Source: Holly Clark Photography/BIFA

Daniel Kaluuya & Allison Williams at the 2017 BIFAs.

The British Independent Film Awards (BIFA) is adopting the BFI’s Diversity Standards for eligibility for the Best British Independent Film award from 2019.

It is piloting the initative in 2018.  

The new BIFA rule states: ’Films that wish to compete for the Best British Independent Film award must this year be assessed against the BFI’s Diversity Standards. As a pilot in 2018, there is no requirement that films meet the standards this year, though it is our aim that from 2019 all films longlisted in the Best British Independent Film category meet at least two of the four BFI Diversity Standards.

According to BIFA, it is adopting the standings ‘to encourage filmmakers at all levels of the industry to embed these important Standards in their practices, building towards an industry that is more representative and inclusive of the whole of the UK’.

‘The pilot enables producers and filmmakers to become familiar with the process, which we hope will inform their future projects as well as ensuring projects are not penalised in what we see as a transitional year.’

The four requirements are:

  • On-screen representation, themes & narratives
  • Project leadership & creative practitioners
  • Industry access & opportunities
  • Opportunities for diversity in audience development

They are the same criteria required to obtain Lottery funding through the BFI Film Fund.

The standards were designed to improve diversity in relation to race, disability, gender, age, sexual orientation and socio-economic status across workforces and in the portrayal of under-represented stories and groups on screen.

Last month Bafta confirmed all entries for its outstanding British film and outstanding debut by a British writer, director or producer categories must now meet at least two of the four standards.

Further changes

In further rule changes, BIFA now stipulates British and international feature films eligible for the awards through screening on general release in the UK must have had a minimum of seven screenings in aggregate.

This rule is solely applicable for films with formal UK distribution; self-distributed features are not required to meet this criterion. It also does not apply to films attaining eligibility through festival screenings.

BIFA will also now subject films submitted by Netflix and Amazon to the same rules as those submitted by the US studios.
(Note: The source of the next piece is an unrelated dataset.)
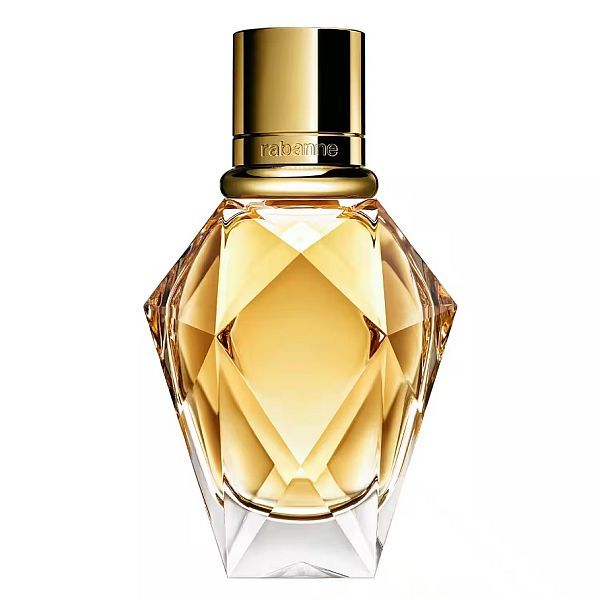 Rabanne Million Gold Woman Apa de Parfum 30ml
This means films produced by the US streaming companies must have been originated by third-party producers and have budgets of less than $20m to be eligible.

The 2018 awards ceremony will be held on December 2 at Old Billingsgate Market in London.

Nominations will be announced on October 31, with longlists for the new talent categories in mid-October. Entries are now open and will close on September 3.

BIFA has added Curzon CEO Philip Knatchbull to its board of directors, replacing Lionsgate UK’s Zygi Kamasa in the ‘distributor’ board role. DDA has become the awards’ new PR company, handling press relations throughout the year and red carpet ceremony duties.

Francis Lee’s God’s Own Country won four awards at last year’s BIFAs, including best British independent film, best actor for Josh O’Connor and best debut screenwriter for Lee. Further winners included best actress to Lady Macbeth’s Florence Pugh and a best director/best debut director double for I Am Not A Witch’s Rungano Nyoni.